SARASOTA, Fla. — A statue in Florida based on an iconic photo of a sailor kissing a woman on V-J day was vandalized less than 24 hours after it was announced that the World War II veteran who was the subject of the photo had died .
The 26-foot tall statue named "Unconditional Surrender" is located on the Sarasota Bayfront near Marina Jack.
Sarasota Police Department said at approximately 12:53 a.m. on Tuesday, officers were dispatched for a report of an unknown person spray painting the statue.
When officers arrived on scene, they found "#MeToo" had been spray painted on woman's the left leg. Police couldn't find any spray paint bottles in the area and no other objects were found to be defaced or vandalized.
RELATED: Man who claimed to be sailor in WWII Times Square kiss photo dies at 95
"Unconditional Surrender" was originally installed as a temporary exhibition in Sarasota in 2005 and returned to the city in 2009. Similar statues are located in New Jersey, Pearl Harbor, Italy, San Diego and New York City.
For years after it was first published in a full-page spread in "Life," the "kissing sailor" photo was interpreted as a tender moment between two lovers celebrating the end of the World War II. But in recent years, the woman in the photo, Greta Zimmer Friedman, says that's not how things happened.
"It wasn't my choice to be kissed," Friedman said in 2005. "The guy just came over and grabbed!"
Friedman later added that it was just "somebody really celebrating."
According to NPR, the man pictured in the photo, George Mendonsa, also confirmed he did not know Friedman.
"It happened. She went her way and I went mine," Mendonsa said.
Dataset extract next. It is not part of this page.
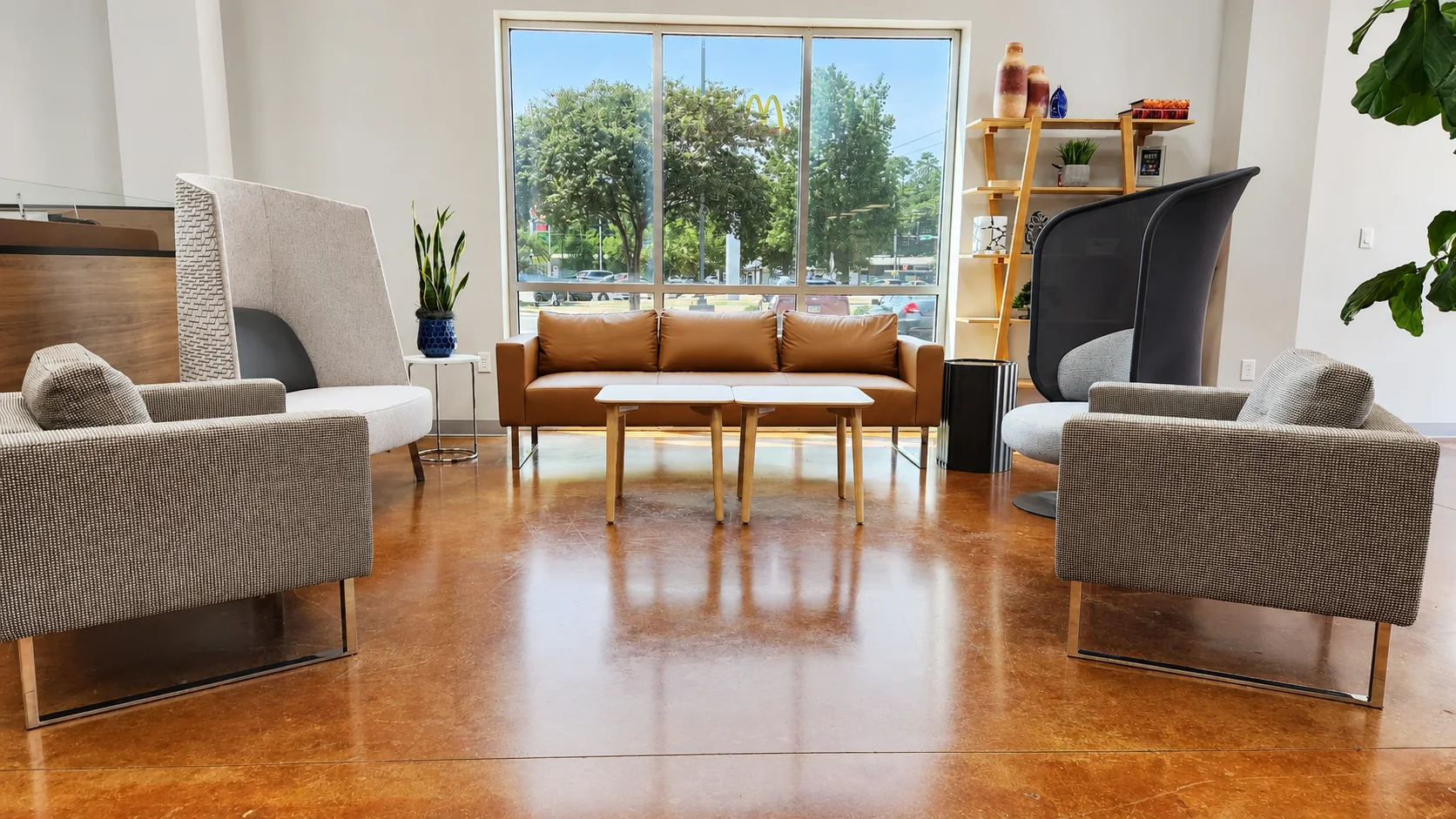 Lounge chairs and tables arranged by the windows in the Pettus Interiors Little Rock showroom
Mendonsa also once said that he mistook Friedman for a nurse, and that he would "never had grabbed her" if she wasn't wearing a uniform. Friedman was actually a dental assistant.
"I saw what those nurses did that day and now back in Times Square the war ends, a few drinks, so I grabbed the nurse," Mendonsa later said to WPRI-TV in Rhode Island.
Mendonsa died over the weekend at the age of 95. Friedman died in 2016.
There are no available surveillance cameras in the area that could have captured the incident and no known witnesses, according to police.
The approximate damage is estimated to be more than $1,000. Police notified the City of Sarasota Public Works.